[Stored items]
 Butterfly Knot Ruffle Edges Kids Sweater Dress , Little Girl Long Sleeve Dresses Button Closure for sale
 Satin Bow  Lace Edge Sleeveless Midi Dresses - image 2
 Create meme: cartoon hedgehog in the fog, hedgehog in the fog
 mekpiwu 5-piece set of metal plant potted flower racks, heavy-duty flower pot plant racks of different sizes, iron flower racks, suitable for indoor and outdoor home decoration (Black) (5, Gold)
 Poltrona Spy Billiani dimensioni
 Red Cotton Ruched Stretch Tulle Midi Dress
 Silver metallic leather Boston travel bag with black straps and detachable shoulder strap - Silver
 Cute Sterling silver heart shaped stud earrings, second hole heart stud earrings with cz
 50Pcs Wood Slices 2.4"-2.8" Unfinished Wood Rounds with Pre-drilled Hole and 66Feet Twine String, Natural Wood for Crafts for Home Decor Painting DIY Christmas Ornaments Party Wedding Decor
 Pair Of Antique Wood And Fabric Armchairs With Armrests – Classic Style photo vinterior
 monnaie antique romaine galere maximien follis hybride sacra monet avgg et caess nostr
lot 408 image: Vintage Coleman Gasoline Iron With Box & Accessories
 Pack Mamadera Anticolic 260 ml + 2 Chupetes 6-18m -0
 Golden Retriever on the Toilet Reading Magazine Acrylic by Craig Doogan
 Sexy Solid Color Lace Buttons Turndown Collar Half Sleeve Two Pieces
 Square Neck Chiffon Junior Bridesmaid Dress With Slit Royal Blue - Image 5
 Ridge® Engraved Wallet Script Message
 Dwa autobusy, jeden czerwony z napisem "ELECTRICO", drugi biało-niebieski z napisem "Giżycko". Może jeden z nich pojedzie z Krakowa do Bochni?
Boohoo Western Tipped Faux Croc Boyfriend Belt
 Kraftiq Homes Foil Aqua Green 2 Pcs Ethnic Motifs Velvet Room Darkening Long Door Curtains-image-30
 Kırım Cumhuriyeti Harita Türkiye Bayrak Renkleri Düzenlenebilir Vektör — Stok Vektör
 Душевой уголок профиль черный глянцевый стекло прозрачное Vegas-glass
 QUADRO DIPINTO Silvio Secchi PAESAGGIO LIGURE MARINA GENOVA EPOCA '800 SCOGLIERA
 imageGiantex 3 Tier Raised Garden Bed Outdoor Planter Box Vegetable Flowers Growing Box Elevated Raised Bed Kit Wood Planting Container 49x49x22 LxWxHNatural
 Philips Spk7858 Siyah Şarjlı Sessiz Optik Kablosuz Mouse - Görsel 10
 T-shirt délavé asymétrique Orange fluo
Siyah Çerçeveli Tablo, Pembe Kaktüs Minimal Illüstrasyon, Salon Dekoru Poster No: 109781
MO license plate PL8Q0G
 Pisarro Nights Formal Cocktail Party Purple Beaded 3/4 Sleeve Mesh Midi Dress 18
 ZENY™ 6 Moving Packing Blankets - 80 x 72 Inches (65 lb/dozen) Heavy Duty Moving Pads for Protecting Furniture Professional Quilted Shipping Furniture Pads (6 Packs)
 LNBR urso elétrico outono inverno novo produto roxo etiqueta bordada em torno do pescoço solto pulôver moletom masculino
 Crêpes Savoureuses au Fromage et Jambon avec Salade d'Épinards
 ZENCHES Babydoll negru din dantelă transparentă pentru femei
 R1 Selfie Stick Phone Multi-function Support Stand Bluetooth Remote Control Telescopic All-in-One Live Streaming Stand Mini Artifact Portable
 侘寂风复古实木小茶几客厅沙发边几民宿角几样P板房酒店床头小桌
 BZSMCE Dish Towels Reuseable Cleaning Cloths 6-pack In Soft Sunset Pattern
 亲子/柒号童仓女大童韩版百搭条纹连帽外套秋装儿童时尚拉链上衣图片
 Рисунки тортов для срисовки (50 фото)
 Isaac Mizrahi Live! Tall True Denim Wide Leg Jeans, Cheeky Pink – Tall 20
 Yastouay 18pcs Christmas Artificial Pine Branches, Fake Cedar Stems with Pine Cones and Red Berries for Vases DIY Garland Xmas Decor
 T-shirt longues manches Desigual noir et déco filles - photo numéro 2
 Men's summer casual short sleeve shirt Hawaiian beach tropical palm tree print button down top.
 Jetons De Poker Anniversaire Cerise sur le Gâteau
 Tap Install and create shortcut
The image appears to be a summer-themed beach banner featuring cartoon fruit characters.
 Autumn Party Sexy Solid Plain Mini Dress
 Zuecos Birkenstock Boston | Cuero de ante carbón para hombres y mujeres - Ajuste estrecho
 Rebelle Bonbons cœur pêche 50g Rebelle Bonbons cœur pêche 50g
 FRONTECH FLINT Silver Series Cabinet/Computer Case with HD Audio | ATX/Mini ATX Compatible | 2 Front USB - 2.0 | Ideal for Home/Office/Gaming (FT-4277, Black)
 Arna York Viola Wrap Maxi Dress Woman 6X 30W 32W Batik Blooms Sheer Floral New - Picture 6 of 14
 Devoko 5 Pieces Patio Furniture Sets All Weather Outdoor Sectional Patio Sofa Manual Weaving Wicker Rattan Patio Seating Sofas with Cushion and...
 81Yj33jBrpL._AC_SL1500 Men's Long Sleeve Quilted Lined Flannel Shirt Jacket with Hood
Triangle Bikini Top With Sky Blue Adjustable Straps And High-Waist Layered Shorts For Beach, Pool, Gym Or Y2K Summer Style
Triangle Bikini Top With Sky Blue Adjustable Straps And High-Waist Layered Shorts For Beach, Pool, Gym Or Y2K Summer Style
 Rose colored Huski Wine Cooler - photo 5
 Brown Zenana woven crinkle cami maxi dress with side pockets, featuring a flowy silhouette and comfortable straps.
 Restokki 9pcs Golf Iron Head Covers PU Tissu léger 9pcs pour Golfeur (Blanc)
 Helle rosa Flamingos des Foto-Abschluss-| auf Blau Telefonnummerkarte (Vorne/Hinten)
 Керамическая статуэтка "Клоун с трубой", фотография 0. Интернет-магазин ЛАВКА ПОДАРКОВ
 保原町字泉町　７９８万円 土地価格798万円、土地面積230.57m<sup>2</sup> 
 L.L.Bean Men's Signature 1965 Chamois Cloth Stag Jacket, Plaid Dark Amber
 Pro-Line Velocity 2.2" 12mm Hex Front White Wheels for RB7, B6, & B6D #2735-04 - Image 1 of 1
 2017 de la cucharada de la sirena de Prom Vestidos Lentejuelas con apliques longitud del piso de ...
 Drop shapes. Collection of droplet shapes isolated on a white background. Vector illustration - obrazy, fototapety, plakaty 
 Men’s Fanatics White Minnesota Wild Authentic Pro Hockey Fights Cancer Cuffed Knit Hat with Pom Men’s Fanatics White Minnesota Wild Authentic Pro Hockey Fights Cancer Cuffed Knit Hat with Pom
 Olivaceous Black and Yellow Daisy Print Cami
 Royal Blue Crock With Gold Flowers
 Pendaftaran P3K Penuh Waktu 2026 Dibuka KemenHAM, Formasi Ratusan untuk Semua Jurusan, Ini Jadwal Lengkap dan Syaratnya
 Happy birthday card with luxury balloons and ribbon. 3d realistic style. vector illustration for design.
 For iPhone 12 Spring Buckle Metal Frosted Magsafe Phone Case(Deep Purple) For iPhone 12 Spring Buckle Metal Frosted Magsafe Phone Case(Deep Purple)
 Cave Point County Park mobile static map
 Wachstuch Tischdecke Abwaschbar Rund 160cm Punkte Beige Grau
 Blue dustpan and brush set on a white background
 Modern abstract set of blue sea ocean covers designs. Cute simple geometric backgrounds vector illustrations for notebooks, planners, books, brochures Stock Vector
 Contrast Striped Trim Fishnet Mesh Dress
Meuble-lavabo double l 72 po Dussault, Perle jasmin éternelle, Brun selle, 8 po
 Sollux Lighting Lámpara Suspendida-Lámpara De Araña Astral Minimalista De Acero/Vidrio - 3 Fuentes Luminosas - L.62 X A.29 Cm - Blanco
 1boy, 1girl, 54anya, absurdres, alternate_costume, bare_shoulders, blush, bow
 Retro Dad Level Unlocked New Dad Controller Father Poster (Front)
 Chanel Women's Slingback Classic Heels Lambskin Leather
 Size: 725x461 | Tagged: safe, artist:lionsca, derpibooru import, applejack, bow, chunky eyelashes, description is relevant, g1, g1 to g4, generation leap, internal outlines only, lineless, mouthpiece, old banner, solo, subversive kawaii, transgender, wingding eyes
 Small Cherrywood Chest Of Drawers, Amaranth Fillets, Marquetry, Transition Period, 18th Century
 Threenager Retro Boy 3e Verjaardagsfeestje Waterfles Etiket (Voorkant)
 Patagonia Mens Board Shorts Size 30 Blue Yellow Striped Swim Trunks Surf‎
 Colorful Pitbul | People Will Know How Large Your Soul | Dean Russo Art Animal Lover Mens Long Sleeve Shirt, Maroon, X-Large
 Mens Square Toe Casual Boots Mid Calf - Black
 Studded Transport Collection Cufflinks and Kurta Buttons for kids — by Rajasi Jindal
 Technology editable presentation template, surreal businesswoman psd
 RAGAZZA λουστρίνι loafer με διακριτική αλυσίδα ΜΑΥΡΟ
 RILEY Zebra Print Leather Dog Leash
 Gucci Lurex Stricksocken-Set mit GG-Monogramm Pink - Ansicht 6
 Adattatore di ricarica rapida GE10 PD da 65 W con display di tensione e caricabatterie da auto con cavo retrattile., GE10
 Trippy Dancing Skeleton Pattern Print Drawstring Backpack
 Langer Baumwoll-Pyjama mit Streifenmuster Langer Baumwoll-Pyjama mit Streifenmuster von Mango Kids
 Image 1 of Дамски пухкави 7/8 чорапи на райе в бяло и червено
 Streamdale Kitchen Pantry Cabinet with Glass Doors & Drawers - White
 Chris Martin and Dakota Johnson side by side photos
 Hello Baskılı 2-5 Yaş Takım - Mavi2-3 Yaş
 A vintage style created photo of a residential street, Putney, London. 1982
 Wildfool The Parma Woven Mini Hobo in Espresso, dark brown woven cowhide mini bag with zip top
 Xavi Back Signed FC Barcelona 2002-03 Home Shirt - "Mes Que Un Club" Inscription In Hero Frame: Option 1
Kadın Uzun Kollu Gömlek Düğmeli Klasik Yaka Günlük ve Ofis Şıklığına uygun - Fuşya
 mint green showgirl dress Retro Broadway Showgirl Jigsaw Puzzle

#### What is needed:
What you give back must be the stretch above, starting at the line with "Boohoo Western Tipped" and ending at the line with "亲子/柒号童仓女大童韩版百搭条纹连帽外套秋装儿童时尚拉链上衣图片", copied exactly.

#### Answer to the problem:
Boohoo Western Tipped Faux Croc Boyfriend Belt
 Kraftiq Homes Foil Aqua Green 2 Pcs Ethnic Motifs Velvet Room Darkening Long Door Curtains-image-30
 Kırım Cumhuriyeti Harita Türkiye Bayrak Renkleri Düzenlenebilir Vektör — Stok Vektör
 Душевой уголок профиль черный глянцевый стекло прозрачное Vegas-glass
 QUADRO DIPINTO Silvio Secchi PAESAGGIO LIGURE MARINA GENOVA EPOCA '800 SCOGLIERA
 imageGiantex 3 Tier Raised Garden Bed Outdoor Planter Box Vegetable Flowers Growing Box Elevated Raised Bed Kit Wood Planting Container 49x49x22 LxWxHNatural
 Philips Spk7858 Siyah Şarjlı Sessiz Optik Kablosuz Mouse - Görsel 10
 T-shirt délavé asymétrique Orange fluo
Siyah Çerçeveli Tablo, Pembe Kaktüs Minimal Illüstrasyon, Salon Dekoru Poster No: 109781
MO license plate PL8Q0G
 Pisarro Nights Formal Cocktail Party Purple Beaded 3/4 Sleeve Mesh Midi Dress 18
 ZENY™ 6 Moving Packing Blankets - 80 x 72 Inches (65 lb/dozen) Heavy Duty Moving Pads for Protecting Furniture Professional Quilted Shipping Furniture Pads (6 Packs)
 LNBR urso elétrico outono inverno novo produto roxo etiqueta bordada em torno do pescoço solto pulôver moletom masculino
 Crêpes Savoureuses au Fromage et Jambon avec Salade d'Épinards
 ZENCHES Babydoll negru din dantelă transparentă pentru femei
 R1 Selfie Stick Phone Multi-function Support Stand Bluetooth Remote Control Telescopic All-in-One Live Streaming Stand Mini Artifact Portable
 侘寂风复古实木小茶几客厅沙发边几民宿角几样P板房酒店床头小桌
 BZSMCE Dish Towels Reuseable Cleaning Cloths 6-pack In Soft Sunset Pattern
 亲子/柒号童仓女大童韩版百搭条纹连帽外套秋装儿童时尚拉链上衣图片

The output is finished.